The Alaska Highway runs from Dawson Creek, British Columbia, to Delta Junction, Alaska. Built by the American military for defense purposes during the Second World War, it was opened to the public in 1948 and became a key spine of northern development. Resource companies, truckers, and tourists drove the road; roadside businesses grew up to feed off the traffic. Beyond Mile Zero is a portrait of the “Lodge Community” that served the road – the families, partners, and workers who made a living, and built their lives, beside the Alaska Highway.
Interviews with former and current lodge owners and several stunning colour photographs form the core of the book. Most lodges were (and remain) small family businesses, relying on husband-wife-children teams supplemented by hired staff during the summer. Owners tell of hard work and frustrations, but the book is mostly optimistic in tone, despite the word “vanishing” in the title. Most owners say that running a lodge made for a good life, while many photographs feature smiling husband-wife teams, well-stocked bakery counters, and quirky signs, serving to reinforce the generally affectionate tone of the text.
The “vanishing” in the title comes from the general recognition, articulated by several interviewees, that the heyday of the highway business has passed. In 1955, there was a service outlet every 25 miles, but sixty years later you had to drive at least four times that distance to find a business (26). Highway straightening and fuel efficient cars were two enemies of lodge culture: today, drivers go much faster, drive further in a day, and need to stop less frequently than before. The peak came in the early 1980s, when bus tours continued to fill parking lots along the highway. There was a temporary boom by the turn of the twenty-first century tied to petroleum development, but as one owner laments, “everything slowed up here two years ago…There’s virtually no activity in the oil field-related stuff – basically the operator just looks after the infrastructure.” For this owner, business has declined by 40 percent (51).

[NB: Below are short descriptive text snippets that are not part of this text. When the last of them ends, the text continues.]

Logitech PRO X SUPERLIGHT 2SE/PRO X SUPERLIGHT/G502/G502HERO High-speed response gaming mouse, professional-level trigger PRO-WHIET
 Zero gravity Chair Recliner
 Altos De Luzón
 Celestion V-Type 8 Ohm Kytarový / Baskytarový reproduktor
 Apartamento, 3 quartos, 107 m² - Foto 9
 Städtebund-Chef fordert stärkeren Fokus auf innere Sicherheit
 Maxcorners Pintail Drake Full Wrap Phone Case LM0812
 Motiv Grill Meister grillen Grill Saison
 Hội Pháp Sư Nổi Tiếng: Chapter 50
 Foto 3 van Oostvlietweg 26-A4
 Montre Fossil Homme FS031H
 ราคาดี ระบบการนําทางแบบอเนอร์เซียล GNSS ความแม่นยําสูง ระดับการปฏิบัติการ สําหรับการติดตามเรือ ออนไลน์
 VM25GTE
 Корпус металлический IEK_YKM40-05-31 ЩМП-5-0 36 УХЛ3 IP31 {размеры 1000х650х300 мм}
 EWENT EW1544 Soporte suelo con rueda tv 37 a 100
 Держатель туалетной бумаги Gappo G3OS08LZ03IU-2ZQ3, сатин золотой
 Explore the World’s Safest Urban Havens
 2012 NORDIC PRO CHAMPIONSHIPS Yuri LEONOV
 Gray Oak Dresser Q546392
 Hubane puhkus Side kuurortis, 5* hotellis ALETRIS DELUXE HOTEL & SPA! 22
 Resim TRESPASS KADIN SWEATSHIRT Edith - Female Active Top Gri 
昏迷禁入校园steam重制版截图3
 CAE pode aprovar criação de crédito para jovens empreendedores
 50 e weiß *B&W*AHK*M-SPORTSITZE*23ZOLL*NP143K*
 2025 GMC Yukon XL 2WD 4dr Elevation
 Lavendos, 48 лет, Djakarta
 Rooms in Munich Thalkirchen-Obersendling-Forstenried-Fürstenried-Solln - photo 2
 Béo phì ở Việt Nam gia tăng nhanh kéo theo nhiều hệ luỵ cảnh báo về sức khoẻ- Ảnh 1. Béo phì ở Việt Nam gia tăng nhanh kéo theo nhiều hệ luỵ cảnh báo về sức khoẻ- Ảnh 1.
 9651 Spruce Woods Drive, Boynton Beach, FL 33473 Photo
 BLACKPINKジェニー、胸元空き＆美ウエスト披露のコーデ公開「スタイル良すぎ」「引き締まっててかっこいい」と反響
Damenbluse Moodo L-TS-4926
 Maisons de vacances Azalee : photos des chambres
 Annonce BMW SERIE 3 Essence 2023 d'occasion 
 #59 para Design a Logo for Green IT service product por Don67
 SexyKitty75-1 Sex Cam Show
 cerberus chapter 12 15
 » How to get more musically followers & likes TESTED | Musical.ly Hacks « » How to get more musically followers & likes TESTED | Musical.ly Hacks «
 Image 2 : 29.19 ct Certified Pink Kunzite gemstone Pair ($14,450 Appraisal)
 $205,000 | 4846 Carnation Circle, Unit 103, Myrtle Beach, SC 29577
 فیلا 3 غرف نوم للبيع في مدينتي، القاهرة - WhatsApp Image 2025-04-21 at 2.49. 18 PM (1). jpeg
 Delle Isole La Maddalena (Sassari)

This kind of boom-bust cycle is different than the standard seasonal pattern of the lodge business, mentioned several times but not thoroughly explored in the book. In the heyday of the lodge, most owners closed down in winter but some stayed open all year. Beyond Mile Zero, however, focuses on the summer. Even the photographs mostly feature leafy stretches of road, with few parkas and winter boots in view.
The authors are correct that too many highway books focus on heroic builders rather than the ordinary people who made the road work over time. Beyond Mile Zero’s focus on lodge owners and community is welcome. By the end, the narrative structure does start to feel stale and standard – a family opens a lodge, bakes cinnamon buns, struggles with generators, enjoys the life, sells the business to someone else, and the cycle continues. You start to wish for something different or deeper, perhaps more reflection on what “community” means in the context of a highway. The term signals the human focus of Beyond Mile Zero, but what makes these geographically scattered families, who mostly pursue their own lives, into a “community”? Owners get to know a few regular customers, send their kids to nearby schools, and participate in bonspiels, but interviewees says little about connections to each other. Do lodge owners have common institutions, see each other, or make up a community of their own? The question is not really explored.
Overall, however, Beyond Mile Zero is a good read: an engaging and refreshingly human portrait of the roadside.
Beyond Mile Zero: The Vanishing Alaska Highway Lodge Community
Lily Gontard and Mike Kelly
Madeira Park, BC: Lost Moose (Harbour Publishing), 2017. 224 pp. $24.95 paper.